Data for processing below:

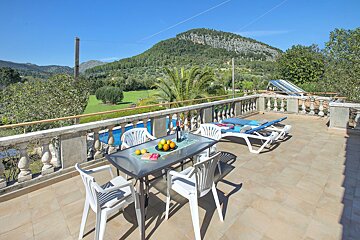 A table and chairs on a balcony with a mountain in the background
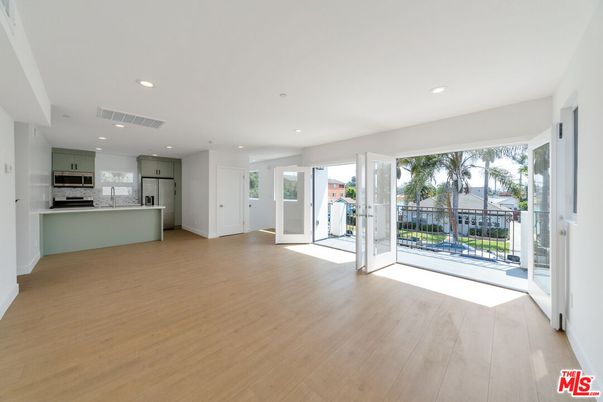 Empty room, Interior, Kitchen, Recessed Lighting, Stainless Steel Appliances, Wood Texture Flooring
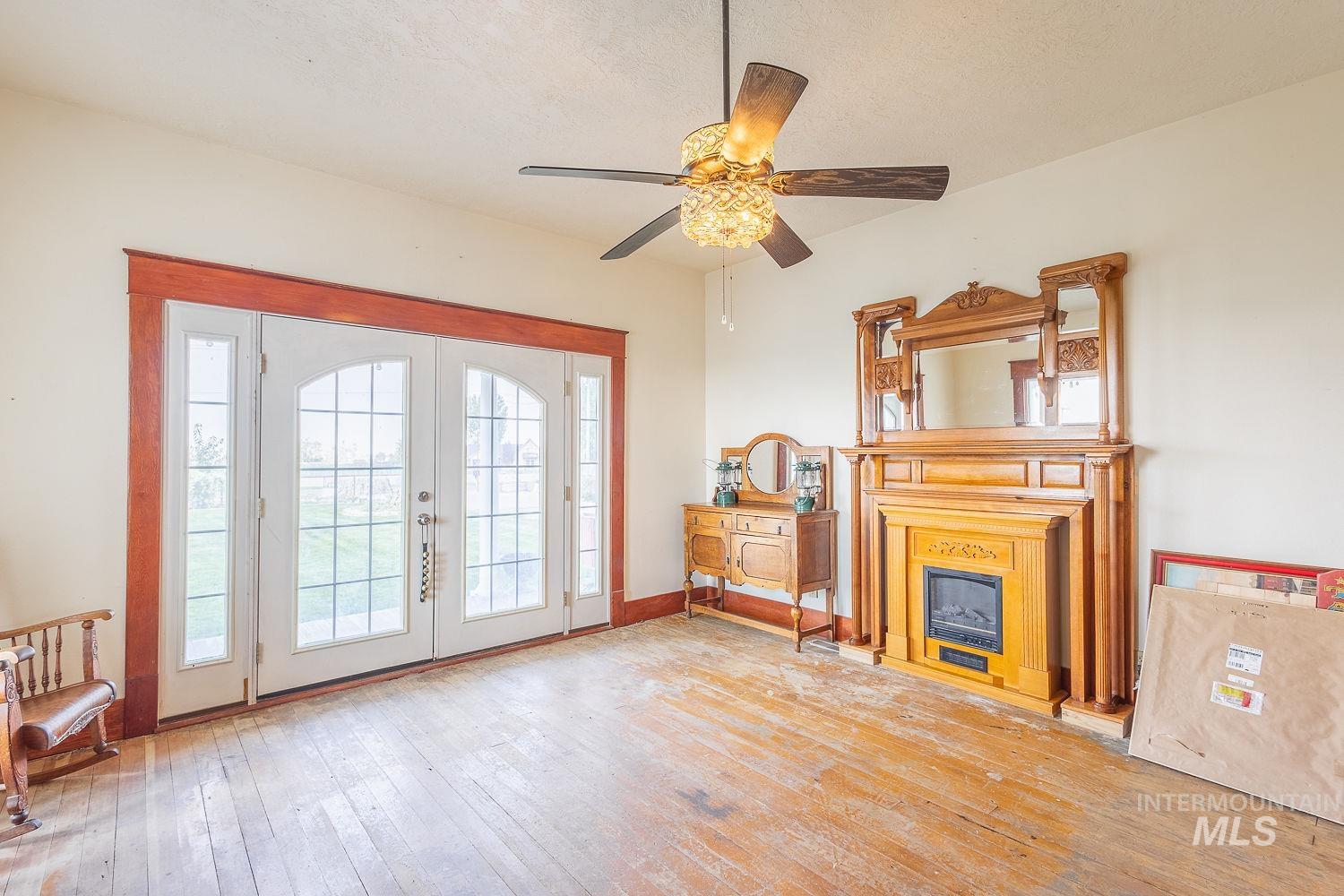 6050 Elmore Road Fruitland, ID 83619 - Photo 5 of 48 Living room featuring french doors, hardwood / wood-style floors, a glass covered fireplace, ceiling fan, and a textured ceiling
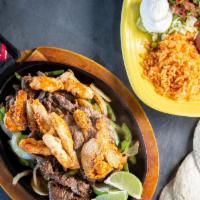Los 3 Garcia'S Fajitas · Choice of three fajitas served with a side of rice, beans, lettuce, cheese, guacamole, sour ...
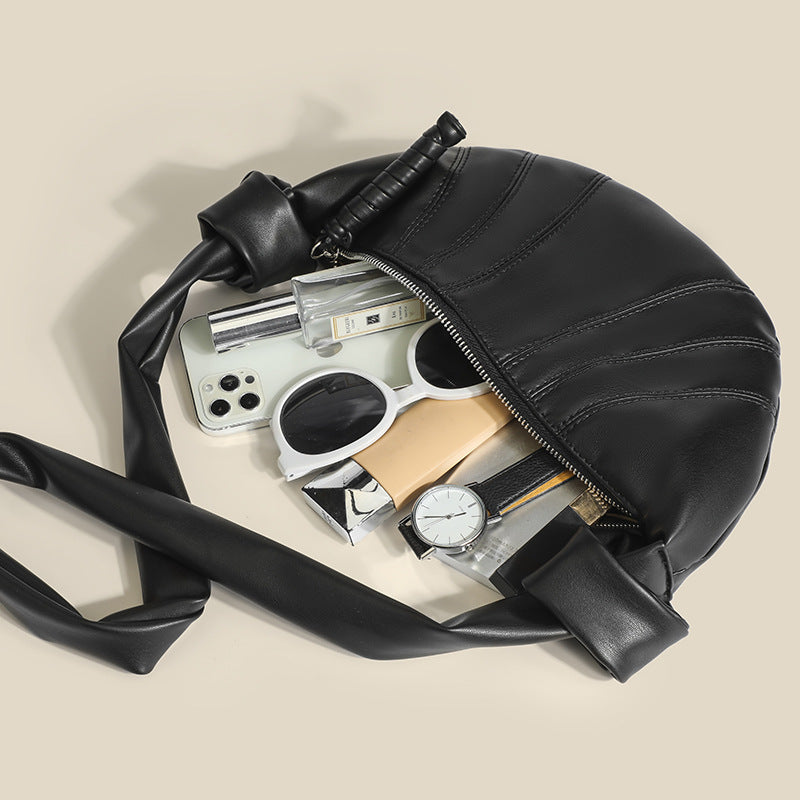 Damen modische Umhängetasche mit innovativem Design und geschwungenem Schnitt Nord Taschen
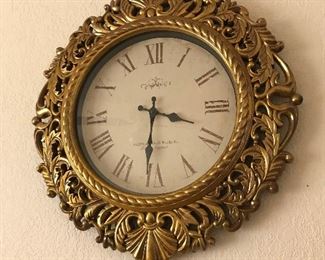 Gold framed round wall clock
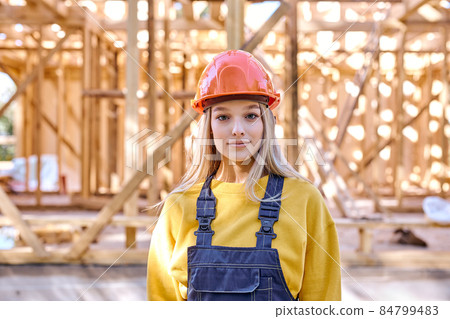 lady in hardhat posing against New residential construction home framing 84799483
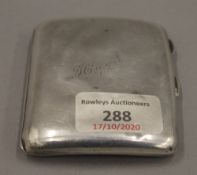 A WWI period silver cigarette case. 7 cm wide. 78.6 grammes.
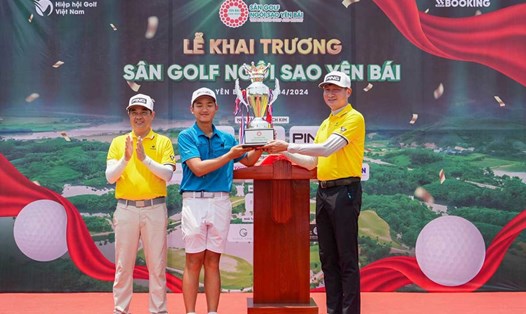 Chủ tịch UBND tỉnh Yên Bái Trần Huy Tuấn (phải) trao cúp vô địch cho golfer trẻ Nguyễn Anh Minh. Ảnh: Ban tổ chức.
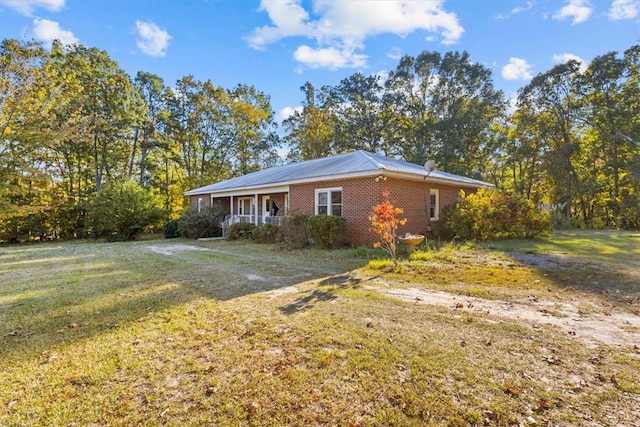 view of side of property featuring a lawn and a porch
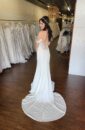 Off the Shoulder Fitted Minimal Wedding Dress with V Neckline and Detailed Lace Illusion Back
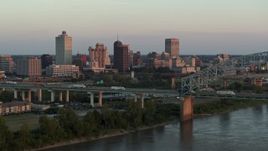5.7K aerial stock footage focus on the city's skyline behind the bridge at sunset, Downtown Memphis, Tennessee Aerial Stock Footage | DX0002_181_019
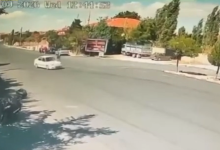 Görselin üst bölümünde, gündüz saatlerinde geniş bir caddeyi gören güvenlik kamerası kaydından bir an yer alıyor. Asfalt yol üzerinde seyir halinde olan beyaz renkli bir binek otomobil görülüyor. Yolun kenarında ve arka planda kiremit çatılı tek katlı yapılar, reklam panosu, park halindeki bir kamyonet ve ağaçlık alanlar seçilirken; sol üst köşede güvenlik kamerasına ait yeşil renkli tarih ve saat göstergesi yer alıyor.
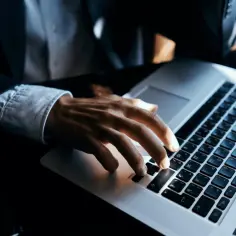 Dłoń na klawiaturze laptopa, szukamy informacji, jak sprawdzić ile ma się lat pracy.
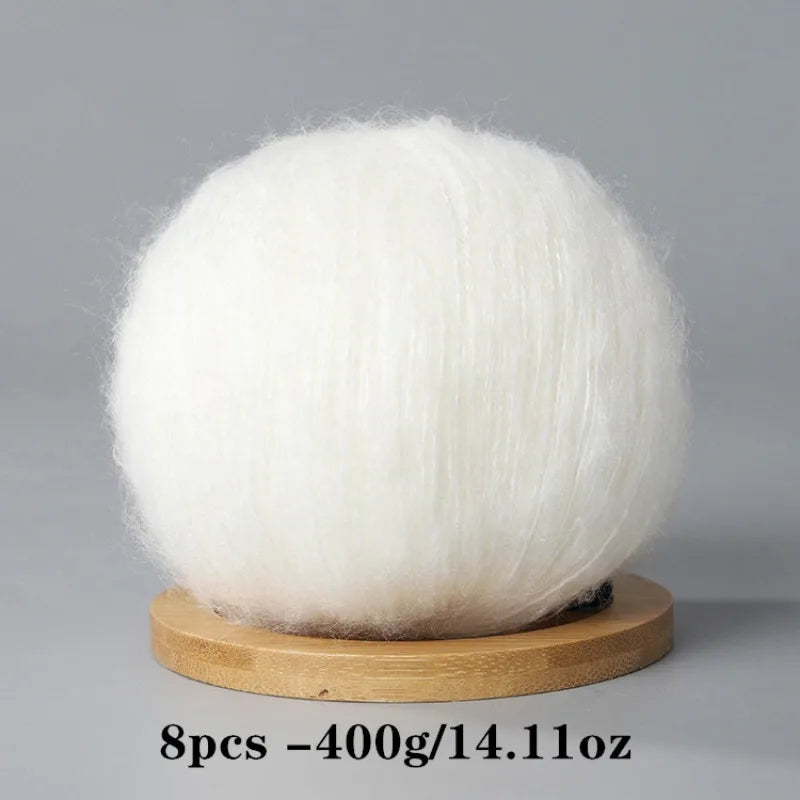 A ball of white mohair yarn used for crafting, displayed on a wooden base.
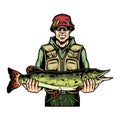 Smiling fisherman holding caught pike fish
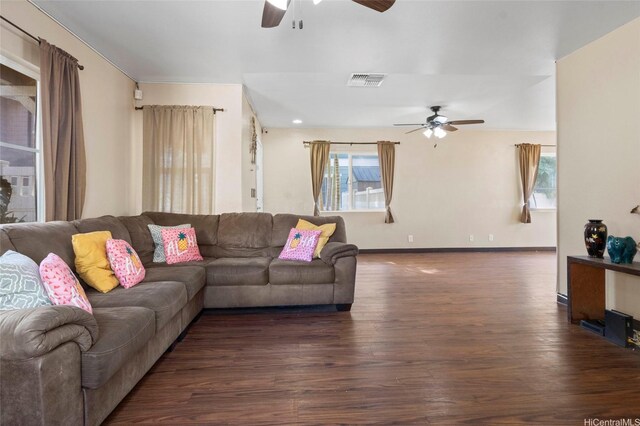 87-1958 Pakeke St Unit G, Waianae, HI 96792 - living area with a ceiling fan, wood finished floors, and baseboards
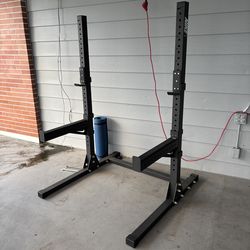 Squat rack and safety spotters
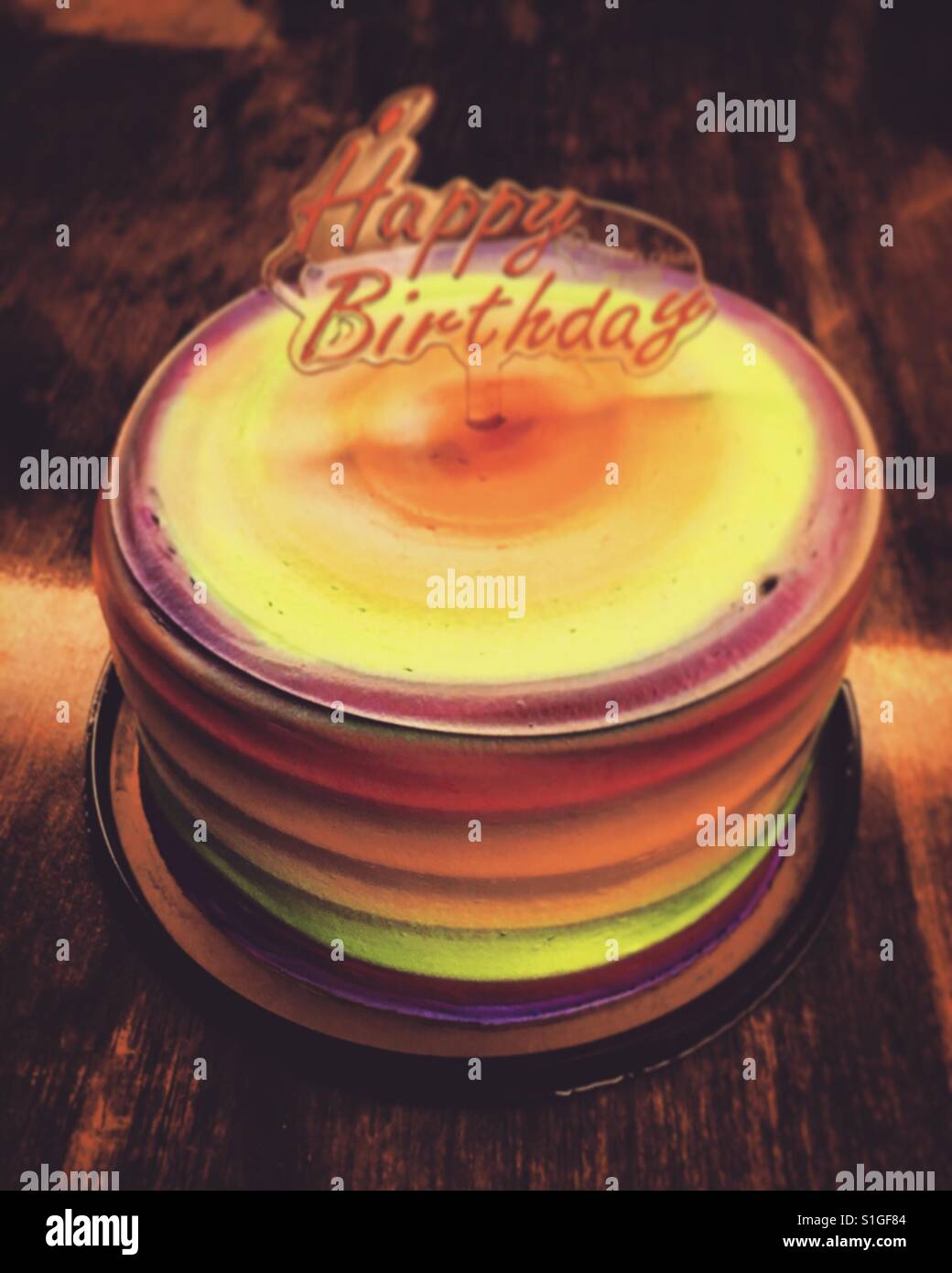 round cake in rainbow color for birthday - Smartphone Captured Stock Image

End of Data for processing.

§ **Work to complete**
All that should be printed is the run of lines above from the one with "Off the Shoulder" through the one with "5.7K aerial stock", both included, exactly as given, with pictures left out.

§ **Written response**
 Off the Shoulder Fitted Minimal Wedding Dress with V Neckline and Detailed Lace Illusion Back
5.7K aerial stock footage focus on the city's skyline behind the bridge at sunset, Downtown Memphis, Tennessee Aerial Stock Footage | DX0002_181_019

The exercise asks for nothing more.